**What is being asked**
From the records below, transcribe only the lines running from the one with "PRE-ORDER - Oversized" through the one with "PAIR BURGUNDY POOL LOUNGER CUSHIONS". Keep both of those end lines.

Data provided section start

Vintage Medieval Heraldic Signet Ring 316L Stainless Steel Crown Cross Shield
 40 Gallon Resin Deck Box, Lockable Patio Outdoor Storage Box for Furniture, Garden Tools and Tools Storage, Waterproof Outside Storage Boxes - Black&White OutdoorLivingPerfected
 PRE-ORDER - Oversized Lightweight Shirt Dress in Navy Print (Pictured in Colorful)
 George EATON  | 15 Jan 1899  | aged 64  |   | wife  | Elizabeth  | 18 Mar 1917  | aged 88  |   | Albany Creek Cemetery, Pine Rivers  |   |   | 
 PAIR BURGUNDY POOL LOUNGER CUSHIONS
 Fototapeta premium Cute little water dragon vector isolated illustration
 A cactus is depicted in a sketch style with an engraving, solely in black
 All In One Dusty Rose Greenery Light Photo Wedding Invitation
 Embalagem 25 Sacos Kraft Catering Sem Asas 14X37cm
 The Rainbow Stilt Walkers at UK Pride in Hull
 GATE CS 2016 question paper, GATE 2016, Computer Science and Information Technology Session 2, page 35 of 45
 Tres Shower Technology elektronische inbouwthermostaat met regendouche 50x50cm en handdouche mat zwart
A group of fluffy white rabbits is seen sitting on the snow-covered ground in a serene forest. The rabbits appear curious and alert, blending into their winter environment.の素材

Data provided section end

**Written solution**
 PRE-ORDER - Oversized Lightweight Shirt Dress in Navy Print (Pictured in Colorful)
 George EATON  | 15 Jan 1899  | aged 64  |   | wife  | Elizabeth  | 18 Mar 1917  | aged 88  |   | Albany Creek Cemetery, Pine Rivers  |   |   | 
 PAIR BURGUNDY POOL LOUNGER CUSHIONS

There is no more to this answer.